> [INFORMATION GIVEN]:
===

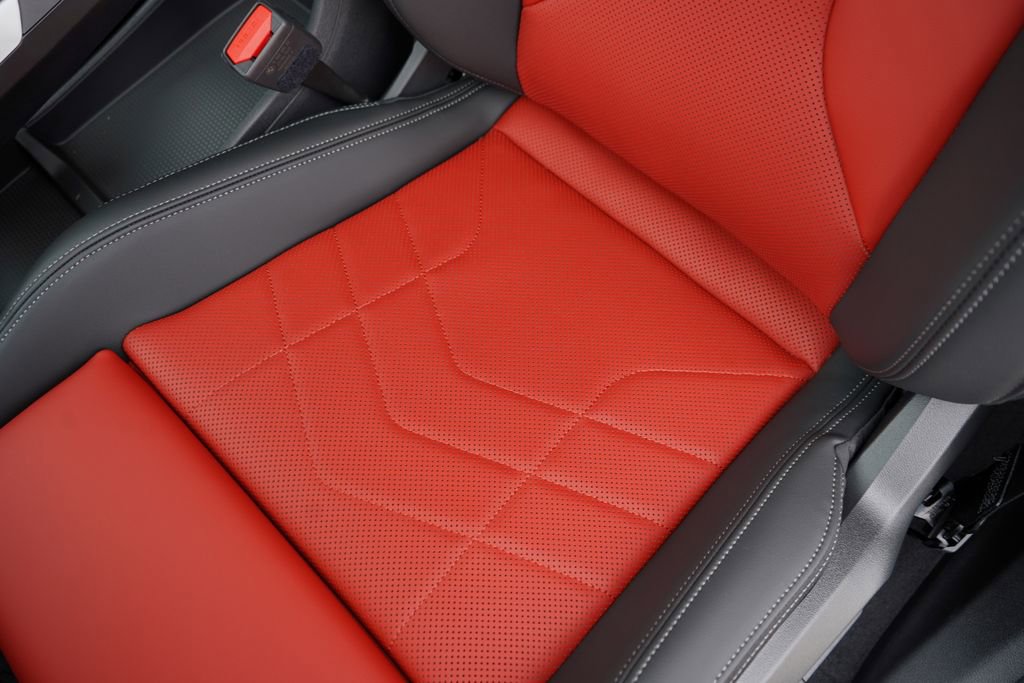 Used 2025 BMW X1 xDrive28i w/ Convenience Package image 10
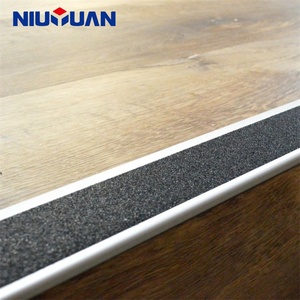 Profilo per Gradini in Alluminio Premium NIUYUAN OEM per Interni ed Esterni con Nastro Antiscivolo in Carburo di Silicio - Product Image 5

===

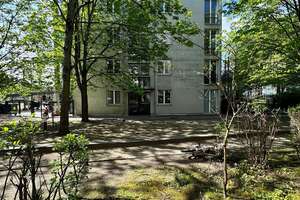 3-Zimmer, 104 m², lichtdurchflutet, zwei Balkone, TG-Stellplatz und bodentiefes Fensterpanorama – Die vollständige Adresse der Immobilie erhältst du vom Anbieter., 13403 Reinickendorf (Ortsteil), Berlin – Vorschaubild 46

===

> [WORK TO COMPLETE]:
Within the listing above, the lines from the one with "Used 2025 BMW" through the one with "Profilo per Gradini" are to be given again word for word. Do not include pictures.

> [REPLY TO THE EXERCISE]:
 Used 2025 BMW X1 xDrive28i w/ Convenience Package image 10
 Profilo per Gradini in Alluminio Premium NIUYUAN OEM per Interni ed Esterni con Nastro Antiscivolo in Carburo di Silicio - Product Image 5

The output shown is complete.